Problem with usage of Linear Operators
Hello,
Ive encountered a problem when trying to create a Gauss-Newton like matrix in terms of lineax.FunctionLinearOperators. My test_func takes and returns a pytree. The final line where I try to compute j2 fails with an assertion error.
Am I doing something wrong or is what im trying to do just not possible?
import lineax as lx
import equinox as eqx
import jax
class my_value(eqx.Module):
x: None
y: None
def test_func(x):
return jax.tree.map(lambda x: jnp.abs(x)**2, x)
x = my_value(jnp.ones((3,1)), jnp.ones((3,1)))
jac = lx.FunctionLinearOperator(jax.jacobian(test_func), jax.eval_shape(lambda: x))

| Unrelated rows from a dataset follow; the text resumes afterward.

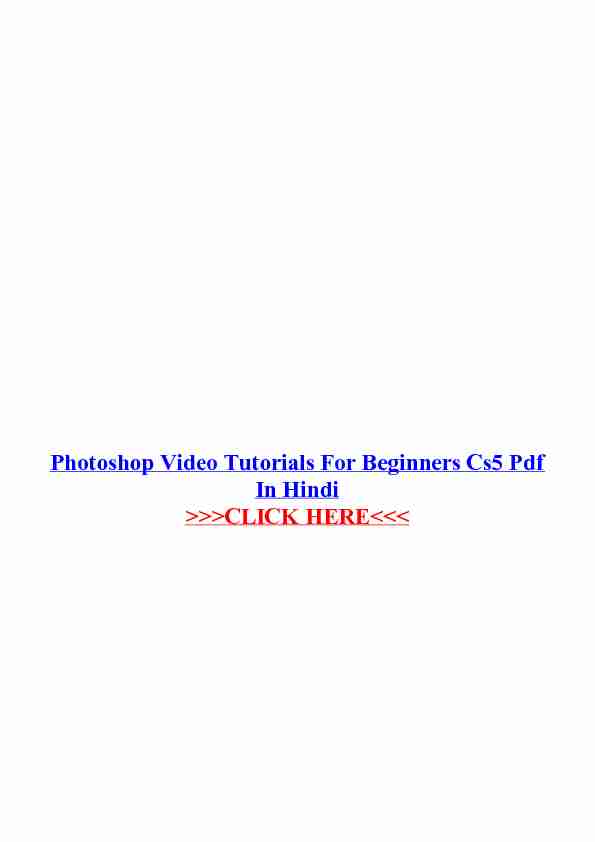 [PDF] Photoshop Video Tutorials For Beginners Cs5 Pdf In Hindi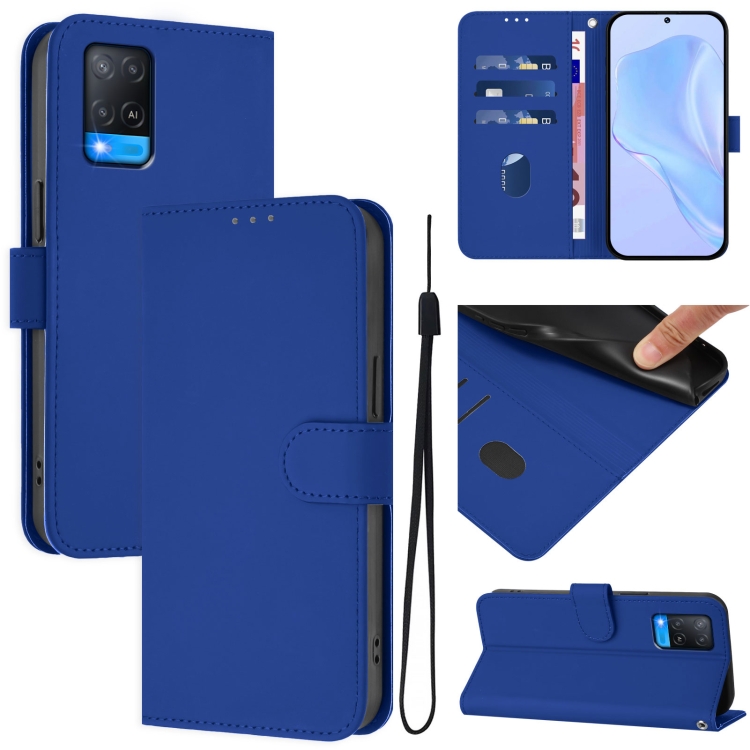 For OPPO A54 4G / A54s / A55 5G Skin Feel Solid Color Leather Phone Case with Lanyard(Dark Blue)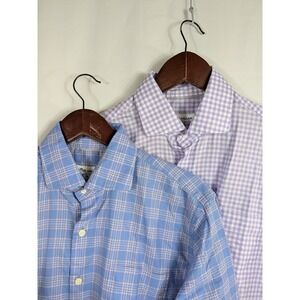 Peter Millar Lot Of 2 Clayton Summer Soft Plaid Gingham Button Down Shirt A065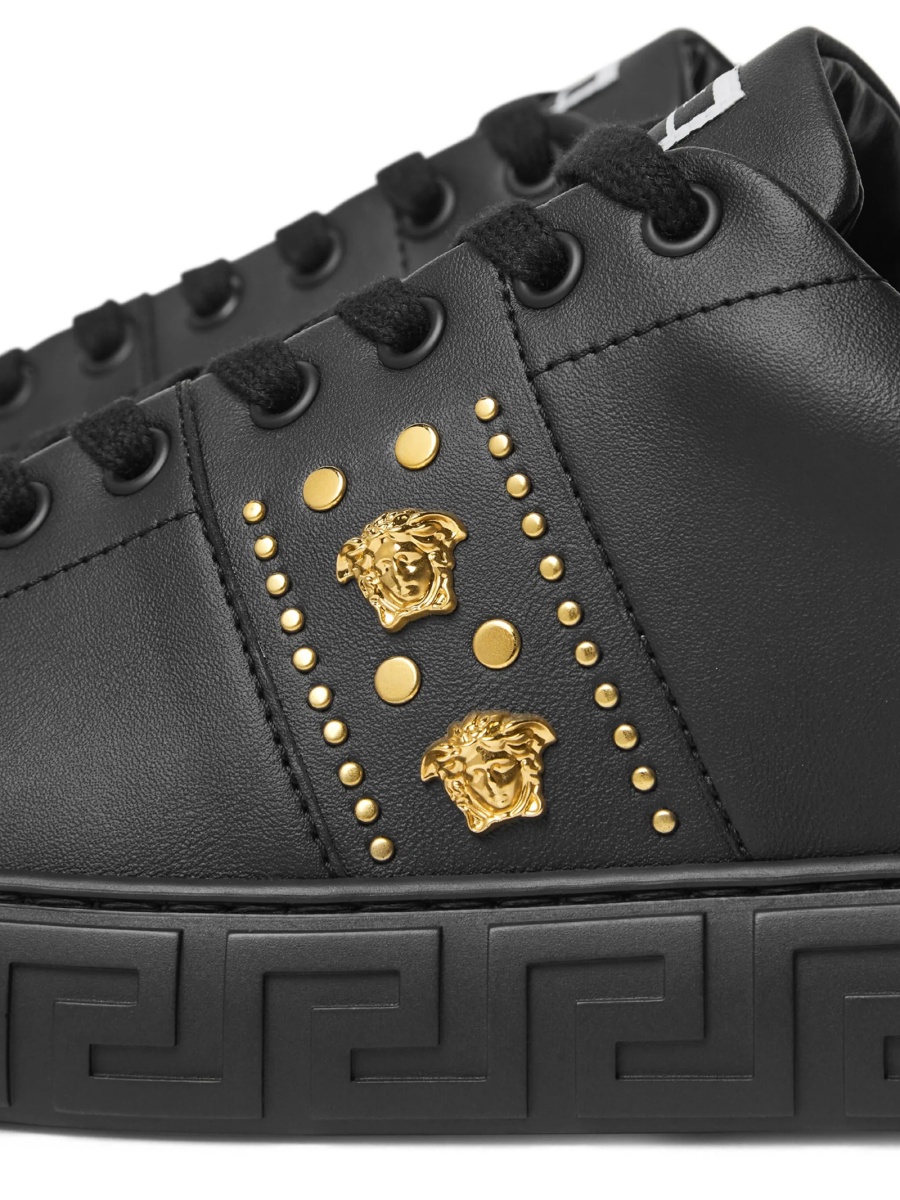 Sneakers Versace Greca negri din piele - Img 4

j2 = jac.transpose() @ jac
site-packages/jax/_src/lax/lax.py:7400, in _select_transpose_rule(t, which, *cases) 7399 def _select_transpose_rule(t, which, *cases): ->7400 assert not ad.is_undefined_primal(which) 7401 if type(t) is ad_util.Zero: 7402 return [None] + [ad_util.Zero(c.aval) if ad.is_undefined_primal(c) else None 7403 for c in cases] AssertionError:
Hi,
I think this is a reasonable expectation, given that we transpose with
https://github.com/patrick-kidger/lineax/blob/6bf1a0e17c6352b96bdf52e72772fac63eb641df/lineax/_operator.py#L700
and
jax.linear_transpose(jax.jacobian(test_func), x)

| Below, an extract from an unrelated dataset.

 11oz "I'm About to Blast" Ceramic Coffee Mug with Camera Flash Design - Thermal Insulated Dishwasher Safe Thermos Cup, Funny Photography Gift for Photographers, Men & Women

works. I found a couple other ways to get the thing you want:
_, lin_fn = jax.linearize(test_func, x)
jac = lx.FunctionLinearOperator(lin_fn, jax.eval_shape(lambda: x))
jac.transpose() @ jac
or
jac = lx.FunctionLinearOperator(jax.jacobian(test_func), jax.eval_shape(lambda: x))
lx.materialise(jac).transpose() @ jac
or
def test_func(x, args): # This now requires a second argument
return jax.tree.map(lambda x: jnp.abs(x)**2, x)

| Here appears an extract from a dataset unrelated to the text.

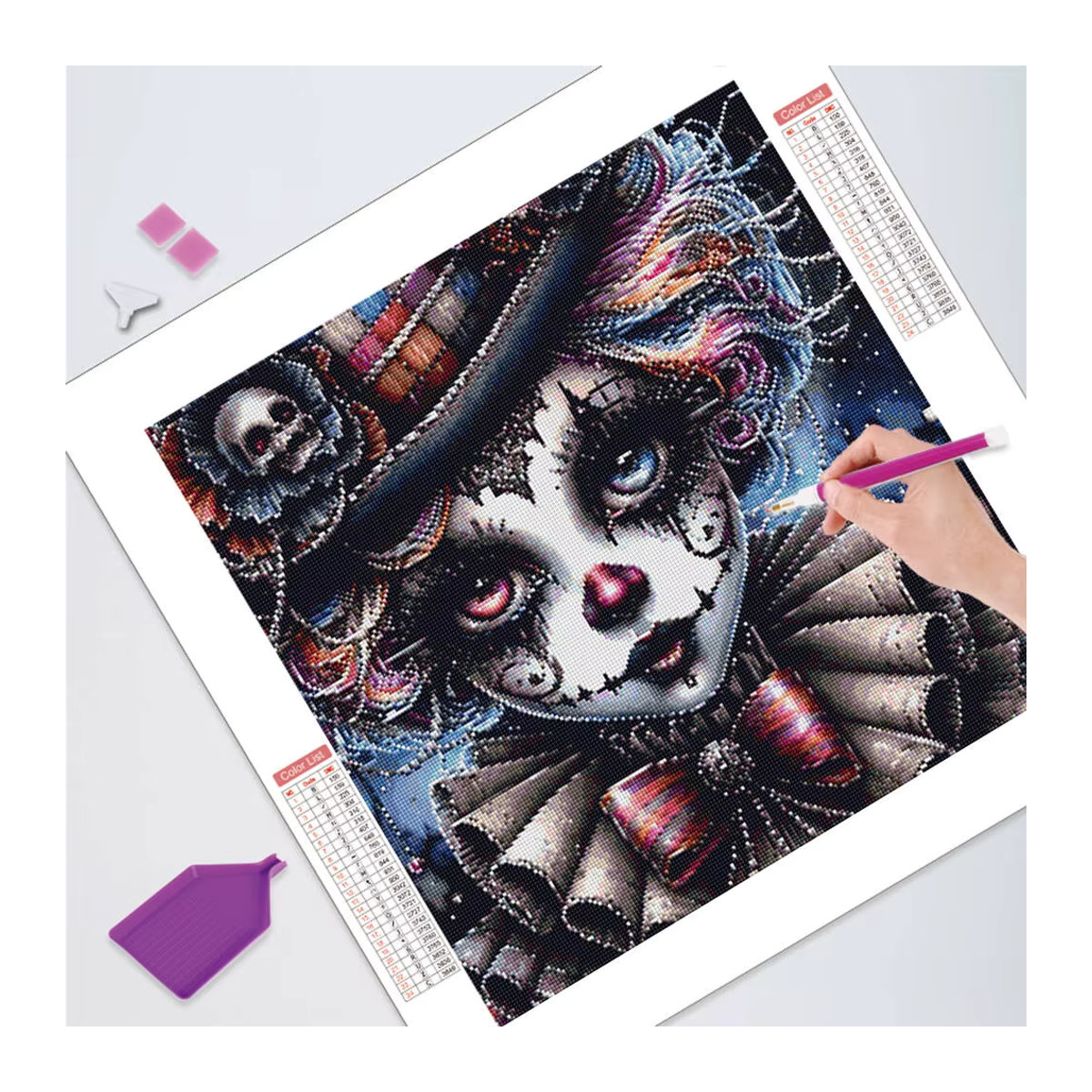 HUACAN Diamant-Mosaik Clown-Porträt als modernes Kunsthandwerk für die Wandmontage, mehrfarbig, quadratisch oder rund - Bild 3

x = my_value(jnp.ones((3,1)), jnp.ones((3,1)))
jac = lx.JacobianLinearOperator(test_func, x, None)
jac.transpose() @ jac
For the latter, you can also wrap it in a lx.linearise if you're planning on re-using the operator
jac = lx.linearise(lx.JacobianLinearOperator(test_func, x, None))
jac.transpose() @ jac
I haven't looked at the implementations beyond the transposing method, and I would need to do that to understand why the transpose of a FunctionLinearOperator behaves the way it does (and if that could/should be changed).
I hope you have some options until I find a quiet minute!
Here's a MWE without Lineax, using just JAX:
import jax
import jax.numpy as jnp
def test_func(x):
return jnp.abs(x)**2
x = jnp.ones((3, 3))
jac_func = jax.jacrev(test_func)
jax.linear_transpose(jac_func, jax.ShapeDtypeStruct((3,), jnp.float32))(x)
Despite the fact that jacrev(test_func) is linear, it seems that JAX doesn't know how to transpose it.
Interestingly, this can be fixed by explicitly linearising it:
import jax
import jax.numpy as jnp
def test_func(x):
return jnp.abs(x)**2
x = jnp.ones((3, 3))
jac_func = jax.jacrev(test_func)
_, jac_func = jax.linearize(jac_func, jnp.ones(3))
jax.linear_transpose(jac_func, jax.ShapeDtypeStruct((3,), jnp.float32))(x)
Here the choice of linearisation point (jnp.ones(3)) is arbitrary, since the function being linearised is already linear.
At the JAX level, this reflects what I think is a known limitation of JAX -- its treatment of 'is this function linear?' is only really tested on the output of jax.linearize, and it has false negatives for user-constructed linear functions. Explicitly linearising them tends to fix this.
Returning to Lineax, I think @johannahaffner's suggestion of using lx.linearise on the linear operator is the correct corresponding solution.
Ah interesting, jax.linear_transpose(jac_func, jax.ShapeDtypeStruct((3,), jnp.float32)) gives reasonable-looking output, but it seems that there is a check that is only ran once this thing is called.
Thanks for spotting this, @patrick-kidger!